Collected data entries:

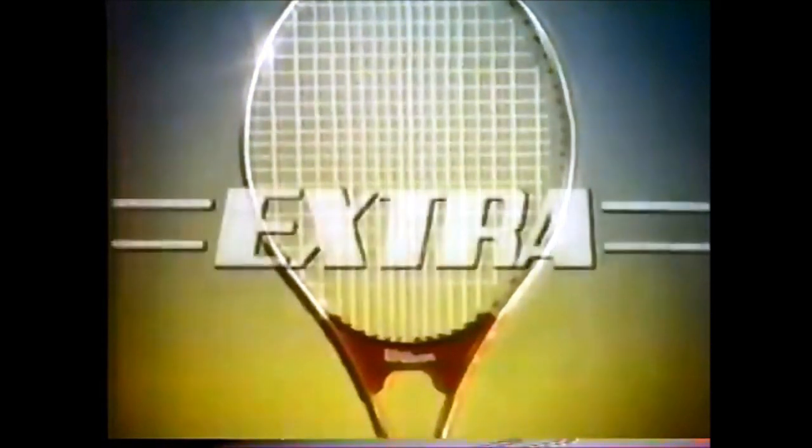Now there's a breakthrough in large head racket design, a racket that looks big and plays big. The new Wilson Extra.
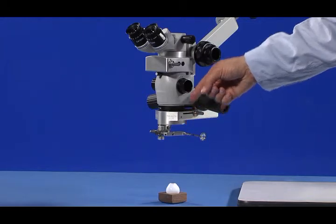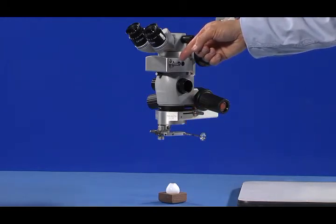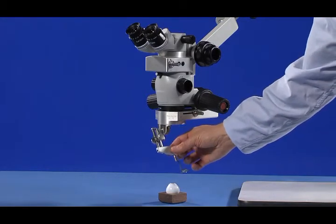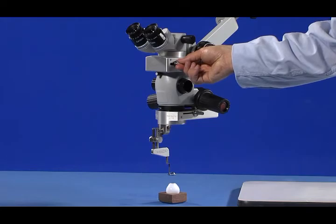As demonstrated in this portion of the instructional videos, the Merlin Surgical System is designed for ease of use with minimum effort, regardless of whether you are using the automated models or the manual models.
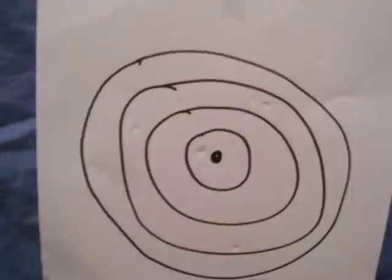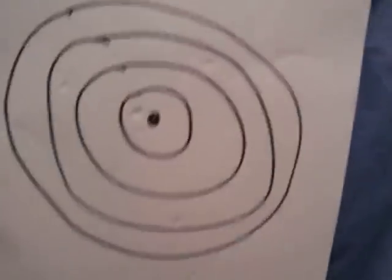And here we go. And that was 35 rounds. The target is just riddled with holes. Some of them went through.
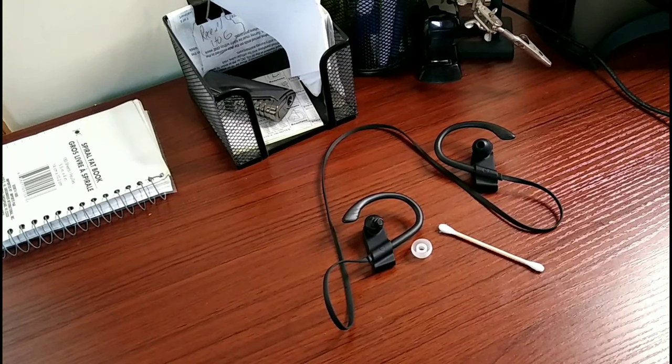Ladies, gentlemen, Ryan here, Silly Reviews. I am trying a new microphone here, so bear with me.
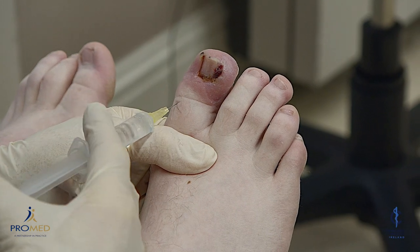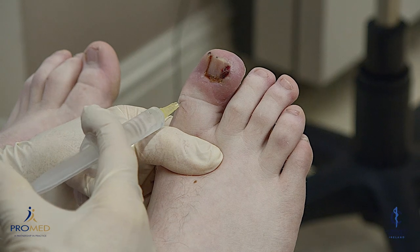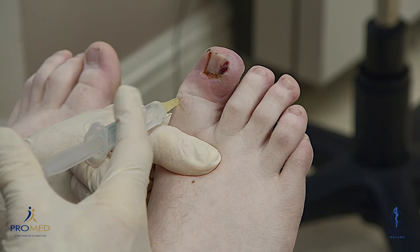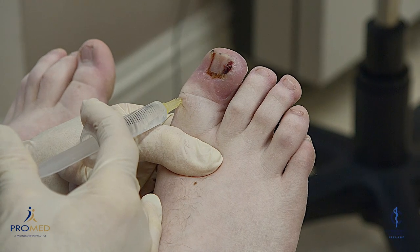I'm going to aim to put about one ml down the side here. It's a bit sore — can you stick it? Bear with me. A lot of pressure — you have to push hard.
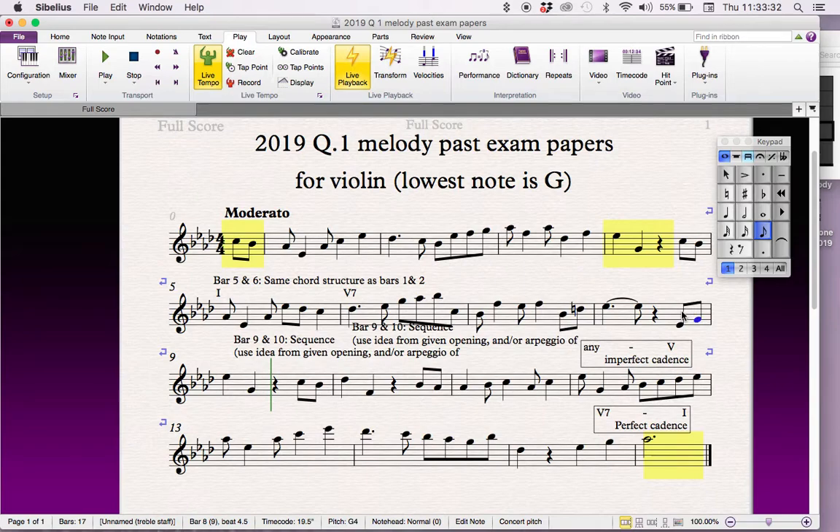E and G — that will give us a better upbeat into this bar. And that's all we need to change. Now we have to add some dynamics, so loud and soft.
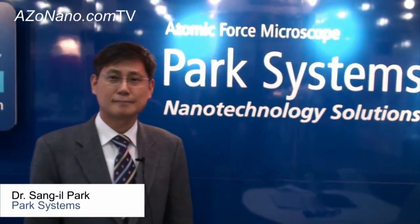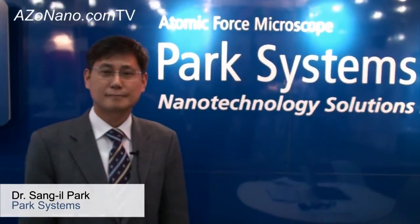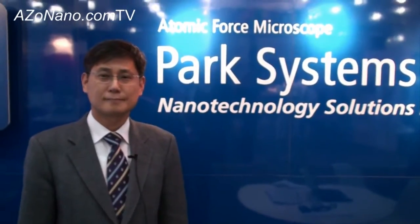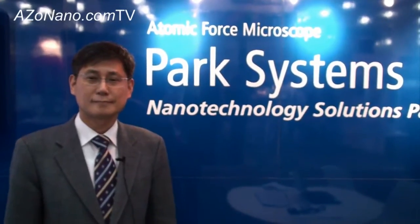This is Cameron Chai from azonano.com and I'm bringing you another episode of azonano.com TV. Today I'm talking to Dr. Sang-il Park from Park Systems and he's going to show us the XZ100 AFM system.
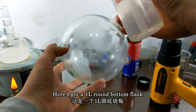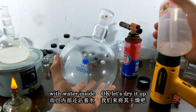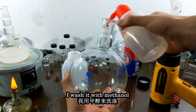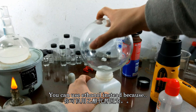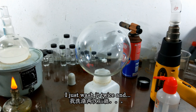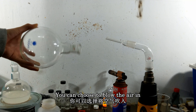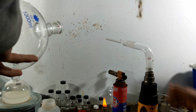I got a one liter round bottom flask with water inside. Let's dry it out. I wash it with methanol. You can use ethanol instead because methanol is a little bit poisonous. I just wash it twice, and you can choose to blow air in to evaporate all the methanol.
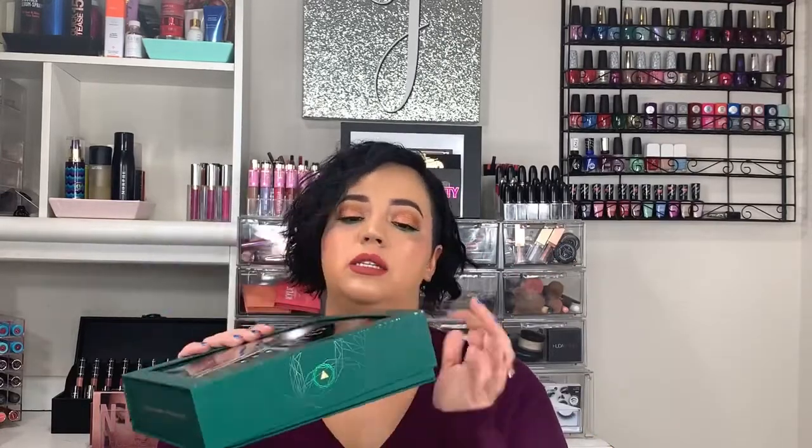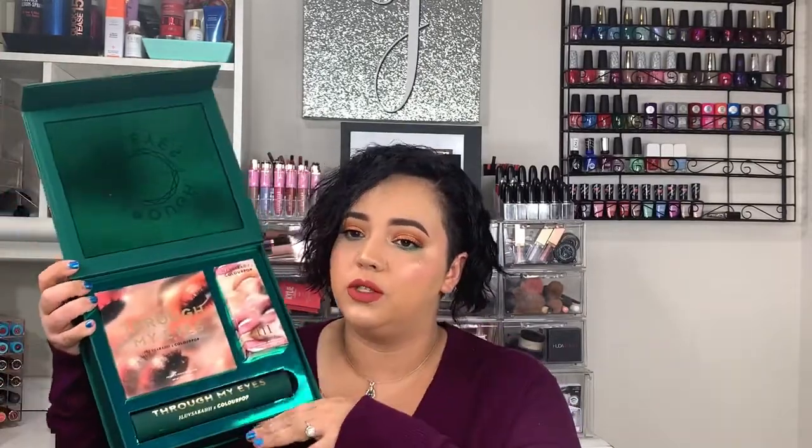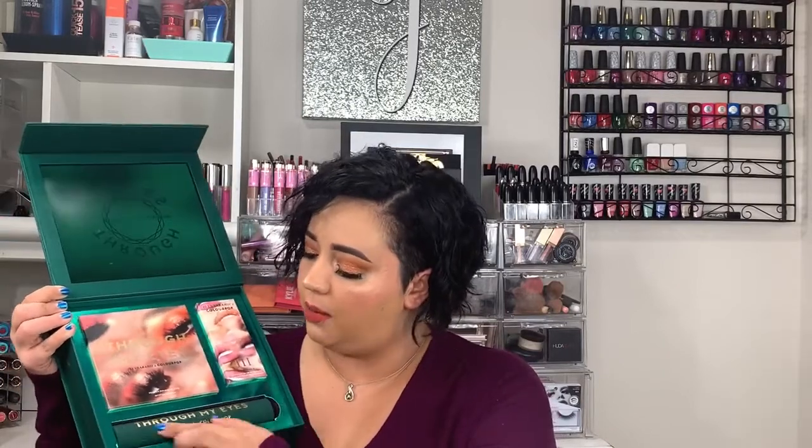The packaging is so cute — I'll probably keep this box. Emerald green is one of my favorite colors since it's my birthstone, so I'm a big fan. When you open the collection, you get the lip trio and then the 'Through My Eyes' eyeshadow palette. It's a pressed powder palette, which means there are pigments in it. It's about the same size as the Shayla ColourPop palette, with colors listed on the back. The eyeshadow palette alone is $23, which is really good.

▶ WORK REQUIRED:
Print an exact copy of the lines above, from the one containing "I'm going to" through the one containing "This is Cameron", and leave out the pictures.

▶ OUTPUT OF THE EXERCISE:
I'm going to aim to put about one ml down the side here. It's a bit sore — can you stick it? Bear with me. A lot of pressure — you have to push hard.
E and G — that will give us a better upbeat into this bar. And that's all we need to change. Now we have to add some dynamics, so loud and soft.
This is Cameron Chai from azonano.com and I'm bringing you another episode of azonano.com TV. Today I'm talking to Dr. Sang-il Park from Park Systems and he's going to show us the XZ100 AFM system.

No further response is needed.